Tom Lasseter of Knight-Ridder continues to do heroic work digging into the reality on the ground in Iraq. He paints a stark picture of Kurdish fealty to Iraq's central government when it comes to the hot-button issue of Kirkuk. The whole piece is worth a read, but it's full of forceful quotes from Kurdish leaders making quite clear their intentions:
The [Kurdish] soldiers said that while they wore Iraqi army uniforms they still considered themselves members of the Peshmerga - the Kurdish militia - and were awaiting orders from Kurdish leaders to break ranks. Many said they wouldn't hesitate to kill their Iraqi army comrades, especially Arabs, if a fight for an independent Kurdistan erupted.
"It doesn't matter if we have to fight the Arabs in our own battalion," said Gabriel Mohammed, a Kurdish soldier in the Iraqi army who was escorting a Knight Ridder reporter through Kirkuk. "Kirkuk will be ours."
[...]
Col. Talib Naji, a Kurd serving in the Iraqi army on the edge of Kirkuk, said he would resist any attempts to dilute the Kurdish presence in his brigade.

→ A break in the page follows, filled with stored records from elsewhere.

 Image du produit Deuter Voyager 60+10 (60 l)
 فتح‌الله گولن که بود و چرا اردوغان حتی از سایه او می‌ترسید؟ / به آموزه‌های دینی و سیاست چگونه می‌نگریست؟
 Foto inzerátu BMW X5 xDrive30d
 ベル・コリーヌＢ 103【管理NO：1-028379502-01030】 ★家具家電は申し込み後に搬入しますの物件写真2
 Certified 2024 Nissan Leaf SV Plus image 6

"The Ministry of Defense recently sent me 150 Arab soldiers from the south," Naji said. "After two weeks of service, we sent them away. We did not accept them. We will not let them carry through with their plans to bring more Arab soldiers here."
[...]
"Kirkuk is Kurdistan; it does not belong to the Arabs," Hamid Afandi, the minister of Peshmerga for the Kurdistan Democratic Party, one of the two major Kurdish groups, said in an interview at his office in the Kurdish city of Irbil. "If we can resolve this by talking, fine, but if not, then we will resolve it by fighting."
Then, this:
Jafar Mustafir, a close adviser to Iraq's Kurdish interim president, Jalal Talabani, and the deputy head of Peshmerga for the Patriotic Union of Kurdistan, a longtime rival of the Kurdistan Democratic Party, echoed that.
"We will do our best diplomatically, and if that fails we will use force" to secure borders for an independent Kurdistan, Mustafir said. "The government in Baghdad will be too weak to use force against the will of the Kurdish people."
Admitting that elections are better than dictatorship only gets you so far, it seems. This is a politics, yes, but it is a nasty, volatile, divisive politics. Probably be better if we find a way to extricate ourselves from it before we're forced to take sides.